Chapters 2–5 provide comprehensive studies of C–H insertion and Friedel-Crafts reactions of vinyl carbocations. The collaborative mentorship of Professor Kendall N. Houk and Professor Hosea M. Nelson shaped these chapters. Chapters 2 and 3 describe the development of Li+-Ureide catalysis in the generation of vinyl carbocations from vinyl triflates and its impact on vinyl cation C–H insertion reactions. Chapter 4 discusses the formation of medium-sized rings through vinyl carbocation intermediates. Both computational and experimental studies revealed that canonical Friedel-Crafts reactions were involved in the process. Chapter 5 describes the electrochemical fluorination of vinyl boronates via donor-stabilized vinyl carbocation intermediates. DFT calculations were utilized to determine the oxidation potential of vinyl boronates, providing support for further experimental mechanistic studies.
Chapter 6 summarizes a collaborative work between the laboratories of Professor Kendall N. Houk and Professor Isaac J. Krauss. The Krauss lab observed an unusual mechanistic switch from homoallylation to cyclopropylcarbinylation of aldehydes. DFT calculations suggested that the origin of the mechanistic change was associated with carbocation stabilization by substituents. Experimental mechanistic studies were subsequently employed to corroborate the predicted reaction pathway.

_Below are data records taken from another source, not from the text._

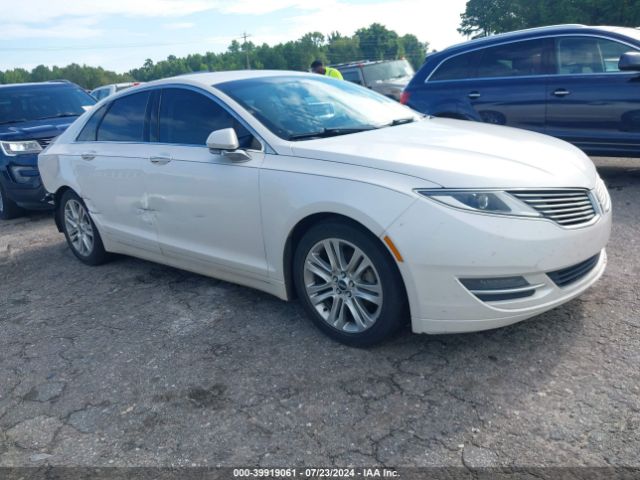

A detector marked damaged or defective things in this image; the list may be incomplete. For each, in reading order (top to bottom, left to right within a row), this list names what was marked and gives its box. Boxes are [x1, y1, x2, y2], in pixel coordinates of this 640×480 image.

cracked asphalt [0, 158, 636, 468]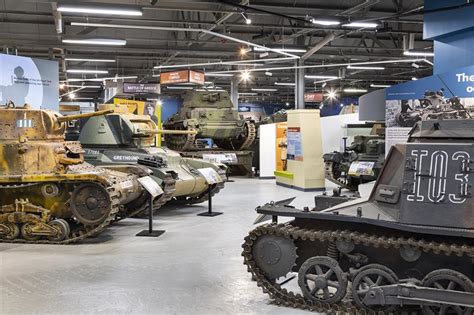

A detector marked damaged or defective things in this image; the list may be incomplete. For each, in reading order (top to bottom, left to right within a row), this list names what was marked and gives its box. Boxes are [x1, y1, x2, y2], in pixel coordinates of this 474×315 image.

rusty armored vehicle [0, 103, 151, 244]
rusty armored vehicle [77, 105, 227, 211]
rusty armored vehicle [162, 90, 256, 151]
rusty armored vehicle [244, 118, 474, 314]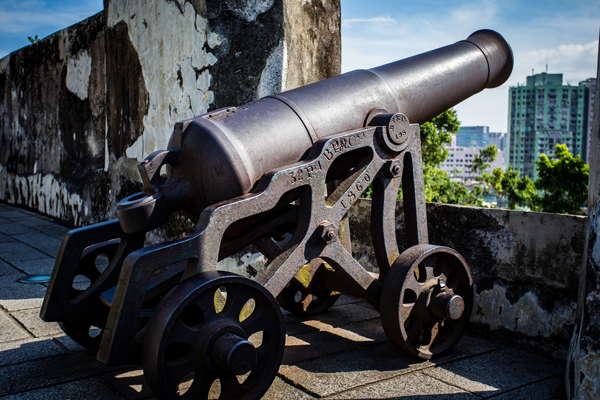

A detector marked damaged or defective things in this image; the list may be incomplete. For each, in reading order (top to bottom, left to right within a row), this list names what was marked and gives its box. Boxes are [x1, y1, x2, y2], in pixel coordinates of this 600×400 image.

peeling paint on wall [65, 50, 91, 101]
rusty metal surface [39, 30, 512, 400]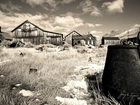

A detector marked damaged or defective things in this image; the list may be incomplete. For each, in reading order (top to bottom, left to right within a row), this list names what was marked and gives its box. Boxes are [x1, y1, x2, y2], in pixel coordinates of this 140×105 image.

rusty metal barrel [102, 45, 140, 104]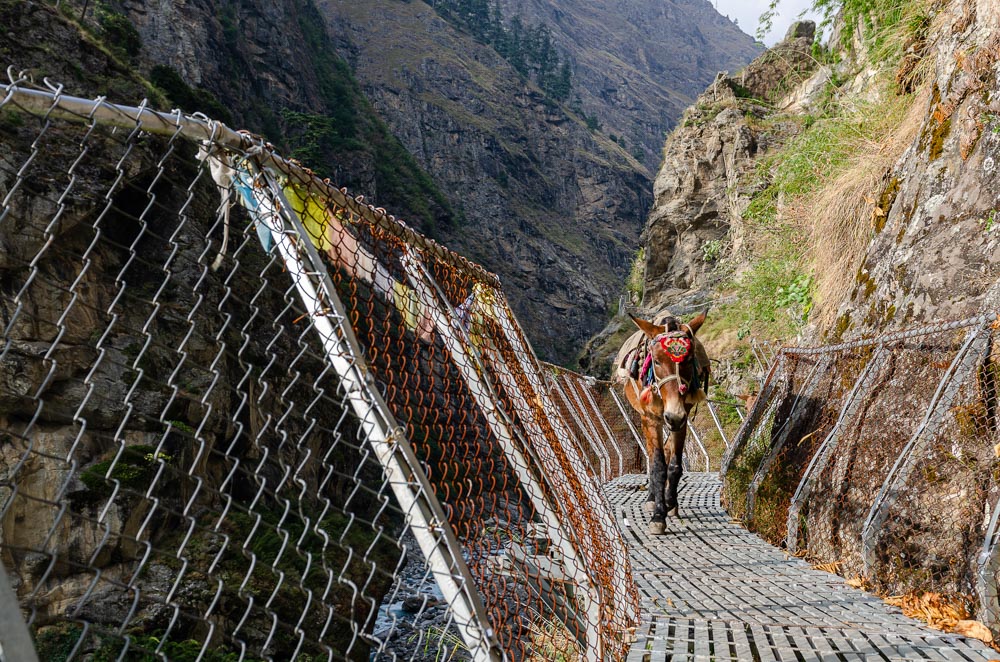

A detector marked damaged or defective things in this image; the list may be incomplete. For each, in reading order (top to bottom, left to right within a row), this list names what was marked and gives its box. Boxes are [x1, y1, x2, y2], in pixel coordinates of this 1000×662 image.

rusty wire mesh panel [1, 76, 640, 660]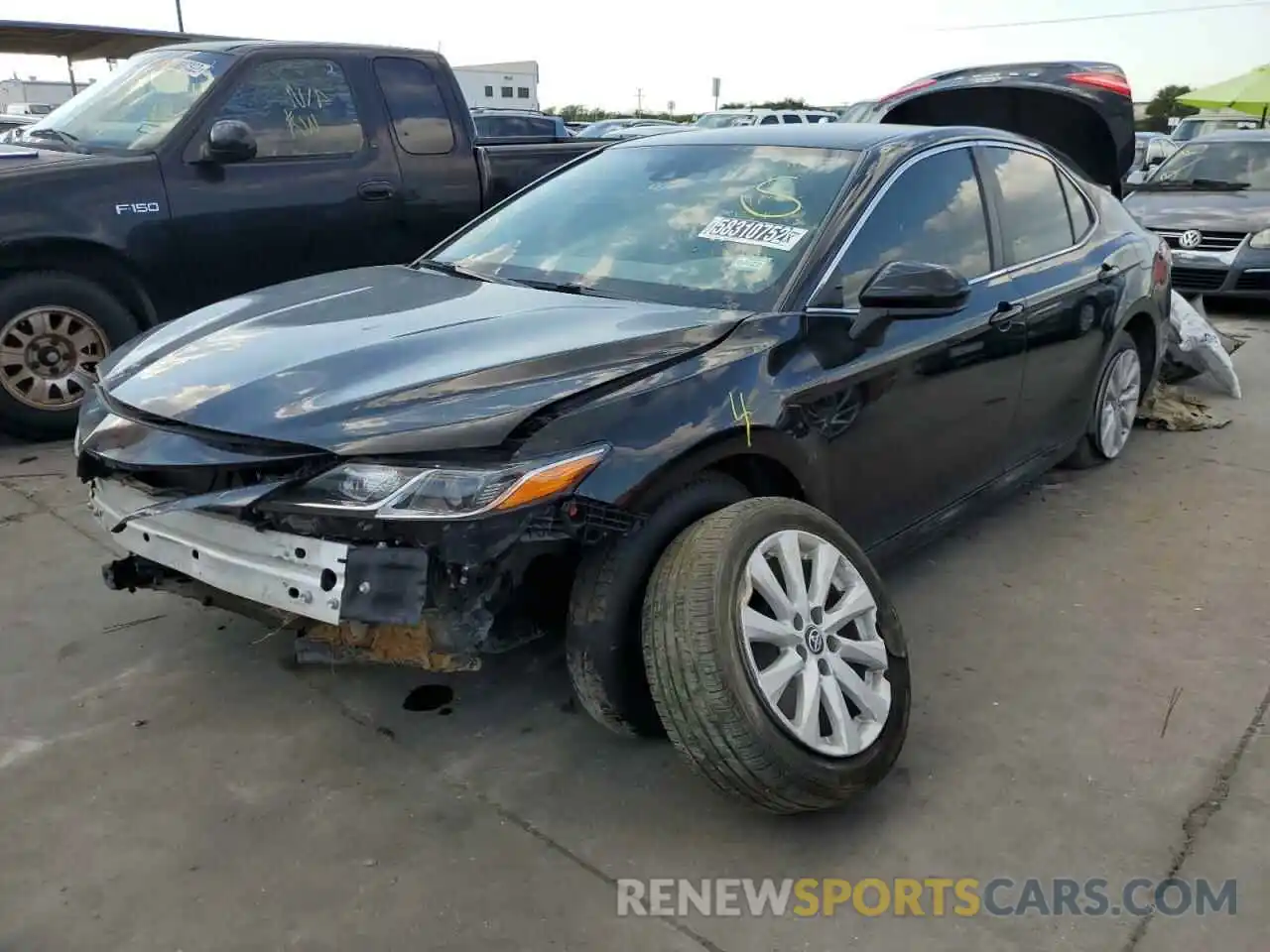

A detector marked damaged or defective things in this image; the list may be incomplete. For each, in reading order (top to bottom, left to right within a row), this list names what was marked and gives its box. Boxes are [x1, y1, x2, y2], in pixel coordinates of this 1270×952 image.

damaged front end of car [76, 391, 645, 674]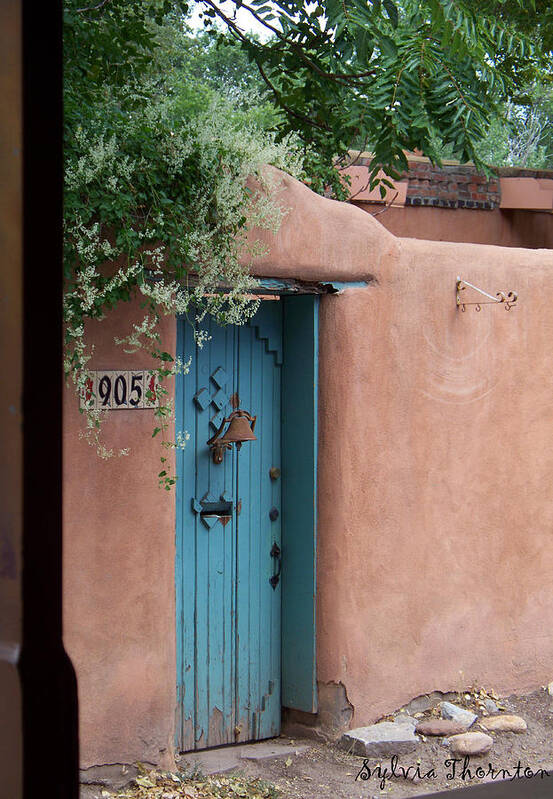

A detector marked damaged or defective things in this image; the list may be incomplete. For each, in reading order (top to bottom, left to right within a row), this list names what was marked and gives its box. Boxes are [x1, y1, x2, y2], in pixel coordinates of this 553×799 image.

weathered door with peeling paint [176, 300, 282, 752]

Chapter 7 presents a joint research project between the laboratories of Professor Kendall N. Houk and Professor Jiannan Zhao. The Zhao group discovered a diastereoselective radical aminoacylation of olefins facilitated by N-heterocyclic carbene catalysis. Computations were performed to elucidate the full reaction pathway, revealing that the radical coupling step is the diastereoselectivity- and rate-determining step. Additionally, π–π interactions were found to be the origin of the selectivity. The computational findings were further validated by experimental studies.
Chapter 8 details a collaborative project between the laboratories of Professor Kendall N. Houk and Professor Massimo Bietti. The Bietti group carried out the site- and diastereo-selective oxygenation of unactivated C–H bonds in bicyclic and spirocyclic hydrocarbons containing cyclopropyl moieties using 3-ethyl-3-(trifluoromethyl)dioxiranes (ETFDO). DFT calculations were conducted to understand the underlying factors responsible for the selectivities. The calculations found that hyperconjugation effects originating from the Walsh orbital of the cyclopropane ring play a crucial role in the selective α-C−H bond oxidations. Additionally, the computational studies provided evidence of divergent radical and cationic pathways in the ETFDO oxygenations.